Python BeautifulSoup:查找元素
简介
- find 是查找并返回符合条件的第1个元素。
- find_all 是查找并返回所有符合条件的元素。
- select_one 是查找并返回符合条件的第1个元素。
- select 是查找并返回所有符合条件的元素。
find、find_all 示例
示例:使用 name 指定标签名
代码:
from bs4 import BeautifulSoup
html_content = '''
<div>测试01</div>
<div>测试02</div>
<h1>测试H1</h1>
'''
soup = BeautifulSoup(html_content, 'html.parser')
print('--------- find_all ---------')
for ele in soup.find_all(name='div'):
print(ele)
print('--------- find ---------')
print(soup.find(name='div'))
执行结果:
--------- find_all ---------
<div>测试01</div>
<div>测试02</div>
--------- find ---------
<div>测试01</div>
示例:直接指定标签名
代码:
from bs4 import BeautifulSoup
html_content = '''
<div>测试01</div>
<div>测试02</div>
<h1>测试H1</h1>
'''
soup = BeautifulSoup(html_content, 'html.parser')
print('--------- find_all ---------')
for ele in soup.find_all('div'):
print(ele)
print('--------- find ---------')
print(soup.find('div'))
执行结果:
--------- find_all ---------
<div>测试01</div>
<div>测试02</div>
--------- find ---------
<div>测试01</div>
示例:指定多个标签
代码:
from bs4 import BeautifulSoup
html_content = '''
<div>测试01</div>
<div>测试02</div>
<h1>测试H1</h1>
'''
soup = BeautifulSoup(html_content, 'html.parser')
print('--------- find_all ---------')
for ele in soup.find_all(['h1', 'h2', 'div']):
print(ele)
print('--------- find ---------')
print(soup.find(['h1', 'h2', 'div']))
执行结果:
--------- find_all ---------
<div>测试01</div>
<div>测试02</div>
<h1>测试H1</h1>
--------- find ---------
<div>测试01</div>
select、select_one 示例
代码:
from bs4 import BeautifulSoup
html_content = '''
<div>测试01</div>
<div>测试02</div>
'''
soup = BeautifulSoup(html_content, 'html.parser')

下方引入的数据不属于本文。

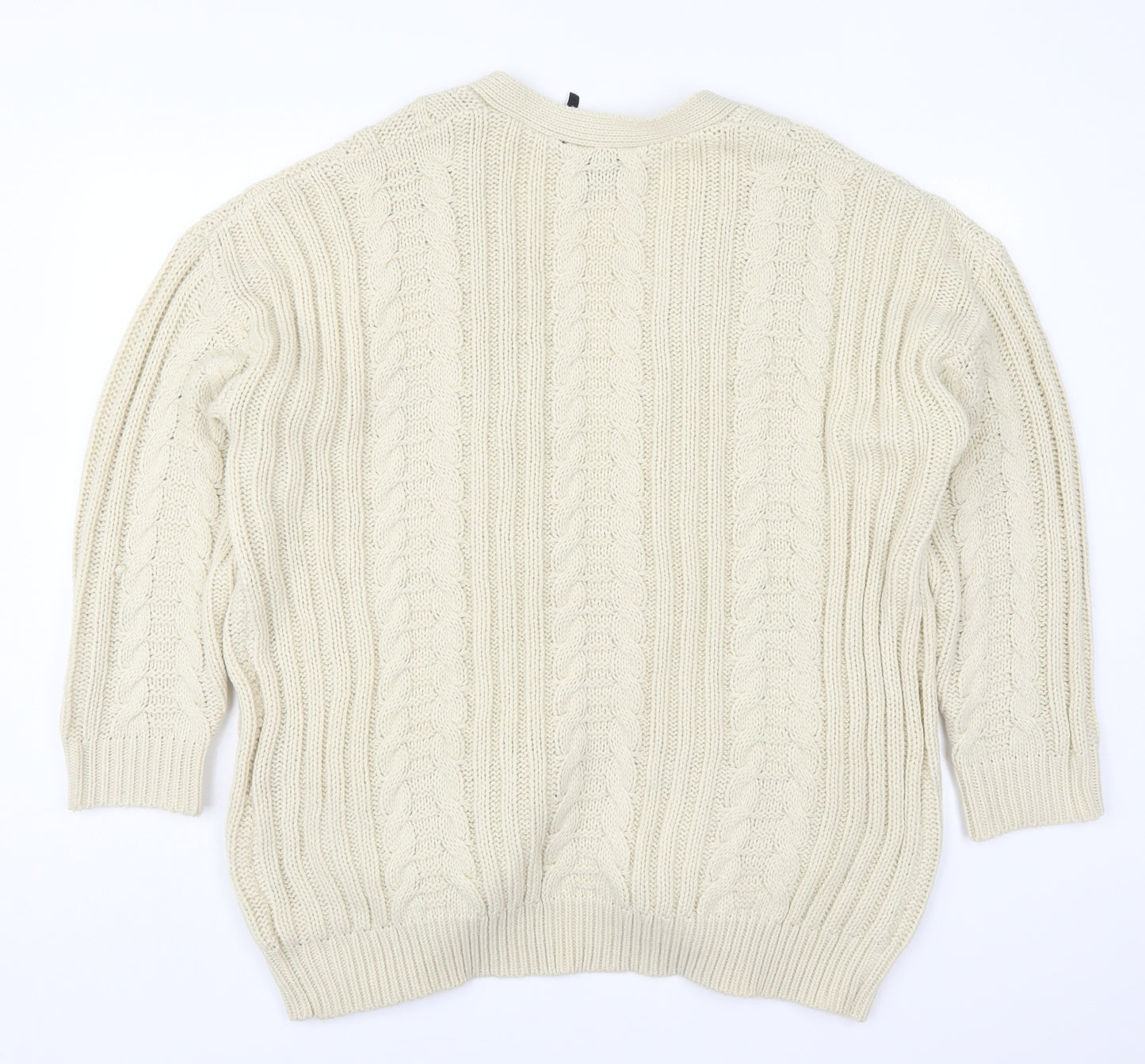 Reclaimed Vintage Womens Beige V-Neck  Acrylic Cardigan Jumper Size M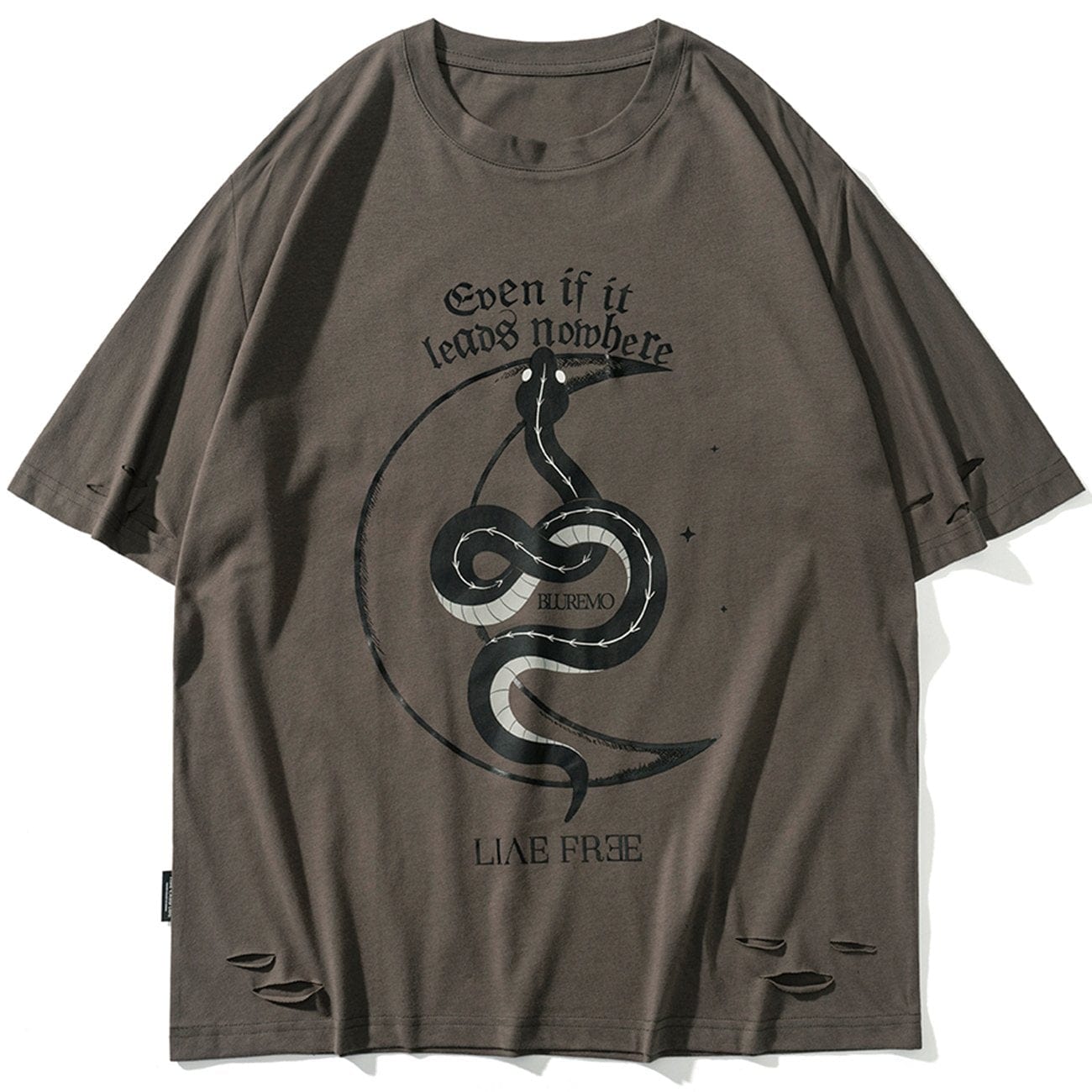 Moon Snake Graphic Tee Streetwear Brand Techwear Combat Tactical YUGEN THEORY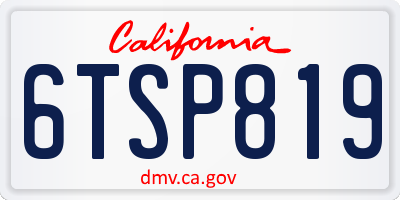CA license plate 6TSP819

print('--------- select ---------')
for ele in soup.select('div'):
print(ele)
print('--------- select_one ---------')
print(soup.select_one('div'))
执行结果:
--------- select ---------
<div>测试01</div>
<div>测试02</div>
--------- select_one ---------
<div>测试01</div>